When Ben Huh founded his company – he bought a bunch of cat photos. Yes, he acquired I Can Has Cheezburger? He created the company, bought the website and closed funding in just 45 days. Since then they’ve launched and experimented endlessly. Their mission statement is to make people laugh for a few moments.

But how do you win the content game in the long term?

The medium is the message

-Marshall McLuhan

For Huh, the format is the message. The format is the kind of content that exists within your device. It’s these formats – pioneered and owned by other companies often – that make things interesting. The reason your phone looks the way it does, is because a bunch of people got together in the 90s to create the widescreen TV format. Formats can have unexpected effects.

Ben Huh talks

In the past, each vertical had its formats: print had books, magazine and newspapers. Those safe silos are gone. Now we have vertical competition – your Kindle isn’t just about reading – it will read to you. That’s audio.

Connections through content

Social media has made it easier for us to send content across the internet. The only way to connect with others online is with content – we are what we expose to others. The creation of beautiful and funny content has been driving media for the last five years.

We spend 112 hours awake a week. We spend 80 hours a week consuming media. How much of your visual space is filled with pixels? There are more and more screens in our lives. The longer we live the more pixels we will encounter.

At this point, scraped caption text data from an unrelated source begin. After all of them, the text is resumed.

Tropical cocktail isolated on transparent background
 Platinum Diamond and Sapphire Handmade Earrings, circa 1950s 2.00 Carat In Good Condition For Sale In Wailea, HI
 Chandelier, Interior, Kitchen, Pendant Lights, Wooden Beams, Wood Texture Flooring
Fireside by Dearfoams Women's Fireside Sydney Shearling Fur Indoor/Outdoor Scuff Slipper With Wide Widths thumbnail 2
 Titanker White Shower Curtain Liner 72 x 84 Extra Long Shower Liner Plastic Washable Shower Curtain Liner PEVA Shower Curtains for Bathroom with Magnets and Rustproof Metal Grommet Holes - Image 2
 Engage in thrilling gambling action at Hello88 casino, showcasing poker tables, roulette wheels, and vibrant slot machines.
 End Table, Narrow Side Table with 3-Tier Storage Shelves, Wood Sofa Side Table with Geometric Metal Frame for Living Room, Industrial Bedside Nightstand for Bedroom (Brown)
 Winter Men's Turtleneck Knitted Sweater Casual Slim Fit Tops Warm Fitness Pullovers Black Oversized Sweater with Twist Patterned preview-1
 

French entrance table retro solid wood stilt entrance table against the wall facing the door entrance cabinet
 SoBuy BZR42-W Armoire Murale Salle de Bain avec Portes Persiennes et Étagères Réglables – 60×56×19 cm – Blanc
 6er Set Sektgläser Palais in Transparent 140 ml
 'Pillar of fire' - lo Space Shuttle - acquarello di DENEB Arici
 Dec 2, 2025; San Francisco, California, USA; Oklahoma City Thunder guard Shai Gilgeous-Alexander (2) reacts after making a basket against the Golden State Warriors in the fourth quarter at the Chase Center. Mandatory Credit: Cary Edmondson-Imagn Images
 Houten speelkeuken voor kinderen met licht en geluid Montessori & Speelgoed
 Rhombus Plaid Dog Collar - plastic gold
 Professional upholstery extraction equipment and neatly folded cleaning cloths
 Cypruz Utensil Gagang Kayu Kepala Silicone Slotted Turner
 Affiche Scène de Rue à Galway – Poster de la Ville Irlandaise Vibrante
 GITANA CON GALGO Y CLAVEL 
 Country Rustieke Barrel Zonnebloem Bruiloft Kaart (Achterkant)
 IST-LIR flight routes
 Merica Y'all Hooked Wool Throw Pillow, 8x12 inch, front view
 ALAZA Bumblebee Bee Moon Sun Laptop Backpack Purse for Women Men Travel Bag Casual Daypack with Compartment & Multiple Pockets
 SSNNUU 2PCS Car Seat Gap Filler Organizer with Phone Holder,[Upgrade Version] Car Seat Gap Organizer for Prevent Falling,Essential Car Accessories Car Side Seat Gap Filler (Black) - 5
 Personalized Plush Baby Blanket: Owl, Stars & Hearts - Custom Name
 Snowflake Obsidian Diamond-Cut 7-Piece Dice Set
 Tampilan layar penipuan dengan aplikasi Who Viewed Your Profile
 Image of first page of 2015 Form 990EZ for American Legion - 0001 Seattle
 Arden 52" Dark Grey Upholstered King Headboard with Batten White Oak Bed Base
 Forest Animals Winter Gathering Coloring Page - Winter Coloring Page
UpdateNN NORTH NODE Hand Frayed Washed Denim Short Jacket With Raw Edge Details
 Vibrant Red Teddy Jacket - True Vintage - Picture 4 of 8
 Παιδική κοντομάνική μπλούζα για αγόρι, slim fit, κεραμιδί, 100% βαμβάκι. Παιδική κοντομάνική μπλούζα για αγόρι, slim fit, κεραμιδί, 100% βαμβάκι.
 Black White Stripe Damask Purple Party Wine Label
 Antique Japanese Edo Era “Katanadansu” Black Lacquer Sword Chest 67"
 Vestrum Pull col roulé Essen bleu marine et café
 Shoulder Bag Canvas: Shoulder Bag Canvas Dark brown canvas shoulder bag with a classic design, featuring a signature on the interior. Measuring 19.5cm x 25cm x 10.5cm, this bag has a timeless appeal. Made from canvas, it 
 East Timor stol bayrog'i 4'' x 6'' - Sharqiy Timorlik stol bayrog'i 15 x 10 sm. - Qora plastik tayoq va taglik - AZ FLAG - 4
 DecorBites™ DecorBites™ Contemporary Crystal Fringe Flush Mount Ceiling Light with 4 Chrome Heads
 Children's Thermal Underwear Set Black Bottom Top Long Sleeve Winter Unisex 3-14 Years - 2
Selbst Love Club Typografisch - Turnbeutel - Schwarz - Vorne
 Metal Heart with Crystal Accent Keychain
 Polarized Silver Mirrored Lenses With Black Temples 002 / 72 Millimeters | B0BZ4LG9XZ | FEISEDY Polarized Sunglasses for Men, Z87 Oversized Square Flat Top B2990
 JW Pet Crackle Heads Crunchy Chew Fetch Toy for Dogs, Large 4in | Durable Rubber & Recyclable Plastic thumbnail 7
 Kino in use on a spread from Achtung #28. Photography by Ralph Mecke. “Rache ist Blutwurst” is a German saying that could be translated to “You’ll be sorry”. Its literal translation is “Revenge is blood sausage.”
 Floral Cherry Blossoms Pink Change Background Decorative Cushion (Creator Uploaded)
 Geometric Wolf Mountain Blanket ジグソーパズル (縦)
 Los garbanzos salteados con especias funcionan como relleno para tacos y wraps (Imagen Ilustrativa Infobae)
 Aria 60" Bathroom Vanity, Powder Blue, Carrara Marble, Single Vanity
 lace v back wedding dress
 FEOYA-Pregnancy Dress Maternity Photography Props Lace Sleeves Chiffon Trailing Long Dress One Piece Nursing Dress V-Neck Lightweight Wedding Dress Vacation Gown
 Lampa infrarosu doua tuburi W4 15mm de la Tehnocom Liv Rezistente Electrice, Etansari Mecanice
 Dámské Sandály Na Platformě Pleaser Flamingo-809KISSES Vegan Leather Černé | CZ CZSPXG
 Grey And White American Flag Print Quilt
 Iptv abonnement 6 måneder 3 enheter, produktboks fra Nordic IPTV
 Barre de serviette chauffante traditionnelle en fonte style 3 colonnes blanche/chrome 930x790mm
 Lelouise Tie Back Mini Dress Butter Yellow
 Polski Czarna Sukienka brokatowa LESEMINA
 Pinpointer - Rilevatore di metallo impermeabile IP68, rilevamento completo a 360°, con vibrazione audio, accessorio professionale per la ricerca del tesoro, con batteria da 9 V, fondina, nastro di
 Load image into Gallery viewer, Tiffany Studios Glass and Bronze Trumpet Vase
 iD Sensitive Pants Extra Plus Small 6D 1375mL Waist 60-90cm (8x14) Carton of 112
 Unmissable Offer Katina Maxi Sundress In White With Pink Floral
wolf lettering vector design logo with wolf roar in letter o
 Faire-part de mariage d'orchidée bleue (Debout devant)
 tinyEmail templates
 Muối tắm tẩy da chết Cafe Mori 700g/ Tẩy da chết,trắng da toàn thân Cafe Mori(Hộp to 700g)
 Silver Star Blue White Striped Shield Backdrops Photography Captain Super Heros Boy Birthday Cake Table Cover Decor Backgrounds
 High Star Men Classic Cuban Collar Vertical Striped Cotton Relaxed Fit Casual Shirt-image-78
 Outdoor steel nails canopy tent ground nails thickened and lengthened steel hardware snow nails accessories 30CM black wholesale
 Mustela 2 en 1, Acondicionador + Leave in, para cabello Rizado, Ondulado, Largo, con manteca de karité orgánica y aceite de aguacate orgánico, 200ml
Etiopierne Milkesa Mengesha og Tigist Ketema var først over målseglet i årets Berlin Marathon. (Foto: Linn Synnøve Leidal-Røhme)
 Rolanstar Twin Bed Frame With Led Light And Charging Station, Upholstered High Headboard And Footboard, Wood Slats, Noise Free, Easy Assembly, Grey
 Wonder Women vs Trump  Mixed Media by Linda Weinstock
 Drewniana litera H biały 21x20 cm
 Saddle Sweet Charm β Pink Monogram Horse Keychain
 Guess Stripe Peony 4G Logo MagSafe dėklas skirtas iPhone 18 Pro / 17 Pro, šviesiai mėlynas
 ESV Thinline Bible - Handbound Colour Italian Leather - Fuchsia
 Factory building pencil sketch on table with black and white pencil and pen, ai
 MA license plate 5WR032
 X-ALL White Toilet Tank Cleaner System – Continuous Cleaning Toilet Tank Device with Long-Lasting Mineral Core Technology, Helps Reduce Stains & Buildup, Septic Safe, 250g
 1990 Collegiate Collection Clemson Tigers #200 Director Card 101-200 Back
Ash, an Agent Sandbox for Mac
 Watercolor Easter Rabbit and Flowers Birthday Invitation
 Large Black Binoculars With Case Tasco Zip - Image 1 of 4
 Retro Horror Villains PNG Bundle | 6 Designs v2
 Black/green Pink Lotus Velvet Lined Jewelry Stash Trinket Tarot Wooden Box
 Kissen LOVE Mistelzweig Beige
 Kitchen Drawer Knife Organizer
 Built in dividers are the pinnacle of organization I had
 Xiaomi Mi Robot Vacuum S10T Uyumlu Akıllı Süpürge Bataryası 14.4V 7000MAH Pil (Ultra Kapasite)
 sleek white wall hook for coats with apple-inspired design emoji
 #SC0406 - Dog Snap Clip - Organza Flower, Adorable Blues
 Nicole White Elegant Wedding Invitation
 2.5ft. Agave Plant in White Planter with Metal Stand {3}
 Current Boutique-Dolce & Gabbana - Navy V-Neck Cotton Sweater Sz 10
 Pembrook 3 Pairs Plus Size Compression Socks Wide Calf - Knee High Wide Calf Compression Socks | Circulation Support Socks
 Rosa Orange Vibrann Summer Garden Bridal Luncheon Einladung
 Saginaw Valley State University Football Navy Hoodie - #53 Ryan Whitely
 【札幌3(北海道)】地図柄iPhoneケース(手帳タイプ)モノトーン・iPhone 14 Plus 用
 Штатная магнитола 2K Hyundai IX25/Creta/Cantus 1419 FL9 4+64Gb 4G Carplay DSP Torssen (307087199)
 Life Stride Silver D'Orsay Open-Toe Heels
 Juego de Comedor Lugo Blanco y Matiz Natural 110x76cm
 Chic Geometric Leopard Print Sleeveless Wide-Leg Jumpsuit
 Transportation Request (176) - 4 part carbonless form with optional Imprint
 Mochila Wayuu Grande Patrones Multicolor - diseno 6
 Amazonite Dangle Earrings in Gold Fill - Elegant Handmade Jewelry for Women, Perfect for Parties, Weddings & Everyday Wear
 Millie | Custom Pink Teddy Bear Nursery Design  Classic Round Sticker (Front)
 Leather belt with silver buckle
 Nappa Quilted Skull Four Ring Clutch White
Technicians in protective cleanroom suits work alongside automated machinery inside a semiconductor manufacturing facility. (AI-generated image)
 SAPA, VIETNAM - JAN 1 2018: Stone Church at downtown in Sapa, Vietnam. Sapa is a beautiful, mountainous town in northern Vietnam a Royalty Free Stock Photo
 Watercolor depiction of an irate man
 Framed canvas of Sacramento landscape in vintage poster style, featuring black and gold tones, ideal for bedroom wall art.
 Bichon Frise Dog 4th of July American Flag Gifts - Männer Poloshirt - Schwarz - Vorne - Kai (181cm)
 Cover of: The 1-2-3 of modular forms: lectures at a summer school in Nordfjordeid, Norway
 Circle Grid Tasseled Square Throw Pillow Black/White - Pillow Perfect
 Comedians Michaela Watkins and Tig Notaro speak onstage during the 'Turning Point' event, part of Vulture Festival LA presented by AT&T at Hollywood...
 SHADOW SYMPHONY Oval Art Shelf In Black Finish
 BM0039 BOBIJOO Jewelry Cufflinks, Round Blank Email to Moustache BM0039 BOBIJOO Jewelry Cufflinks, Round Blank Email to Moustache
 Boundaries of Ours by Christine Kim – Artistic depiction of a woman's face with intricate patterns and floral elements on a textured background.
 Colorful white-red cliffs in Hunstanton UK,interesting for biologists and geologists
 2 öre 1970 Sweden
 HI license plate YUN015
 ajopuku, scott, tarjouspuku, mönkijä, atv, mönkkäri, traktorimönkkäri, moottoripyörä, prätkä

Every time the content market fragments, as it does when new devices emerge, there’s a new chance for a new company – or a new format – to grab market share. That’s why media is so exciting right now.

Ben Huh at LeWeb in Paris

Old formats do not go away – had a till receipt recently? That’s a scroll. Old formats just end up in niches. New formats are born all the time. The people who created media for old formats are woefully bad at creating it for a new format. Yet, we need more than just gaming skills to make VR work – we need the storytelling skills of old media. How do we bring these together?

We are now entering a world where physical objects can be treated as media, thanks to 3D printing. Cats have evolved from bad ass ferocious animals, to cute, friendly meme vectors. It’s not what you might expect from evolution…

The old stories are over

Old stories had beginnings, middles and ends. Online, we go straight to the punchline. How do we learn to tell these new stories. Creativity is not a blank canvas. Constraints and formats that force you to work within a box drives creativity, because you know the limits. Three window jokes aren’t an internet format – they’re the triptych of religious art. We derive new formats from old.

Cheeseburger wants to own short form humour. They want formats that are simple, that don’t make you work too hard, because we are all what we share.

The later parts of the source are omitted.